The terrible violence, combined with Springer's anti-war stance, were enough to propel the unheralded Springer from relative unknown to winner of the Democratic primary. Though he ended up losing the general election, Springer — you know him as Jerry — jumpstarted a wild, twisting career that has kept him in the public sphere for the last 40 years.
Springer sat down with HuffPost Live's Josh Zepps on Wednesday, detailing his quick rise to stardom in the political arena and his subsequent slow crawl across the media landscape until arriving at his most well-known destination, "The Jerry Springer Show," arguably the country's biggest platform for lowbrow television.
Springer has no regrets. After losing the congressional election, he served as Cincinnati's mayor from 1971 to 1974, then launched an unsuccessful bid for Ohio governor shortly after. The local NBC station hired Springer following the election to be a news anchor, where he quickly rose to stardom as a serious news anchor. His performance there led to a national talk show gig.
"That company [NBC] also owned talk shows.
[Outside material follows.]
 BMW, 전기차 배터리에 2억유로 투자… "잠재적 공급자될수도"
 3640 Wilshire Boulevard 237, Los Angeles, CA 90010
They owned Phil Donahue, Sally Jessy Raphael," Springer said. "So one day, Phil was getting pretty close to retirement, they took me to lunch and said, 'You're going to host a talk show.' I said I wanted to do the news. They said, 'Well, you can still do the news, but you'll also do this talk show and we'll adjust the pay, et cetera.'"
Springer entered a fierce national talk show market. When he first started the show, he said it was like most other talk shows, which means he got lost in the crowd.
"This was 1991," he said. "Every one of them was trying to be like Oprah. What I mean by that is appeal to the demographic, which at that time was referred to as middle-aged housewives. Twenty of us, all doing the same thing. So Oprah was killing, she was doing great, and everyone else was just middling. Nothing much."
Springer took a new direction after the rise of Ricki Lake, who appealed to a younger audience. Springer saw the value and uniqueness of her show: instead of trying to compete with 20 talk shows, she was competing with no one.
From then on, Springer said, his show targeted those same young people. He also said it was the only serious creative decision he's made in 23 years doing the show. As a result, the show has become a staple of daytime television and evolved from a general talk show into a program that thrives on cheating spouses, suspenseful pregnancy tests and the like.
It was a slow burn, Springer said. The shenanigans the show is known for churning out on a daily basis used to happen maybe once a week. Once network executives figured out that the crazy stuff drew viewers in, the crazy became a mandate.
"I was always interested in people who marry their horses," Springer joked. "Actually, this is a perfect example of unintended consequences. ... If you call us with a warm, uplifting story, we're not allowed to run it. We have to send it to another show. The only shows we're allowed to run are those shows that have either inappropriate behavior or things that are dysfunctional or whatever."
While his namesake show chugs on, Springer also hosts GSN's "Baggage on the Road," a dating show that reveals a person's emotional baggage before a potential partner chooses to date said person.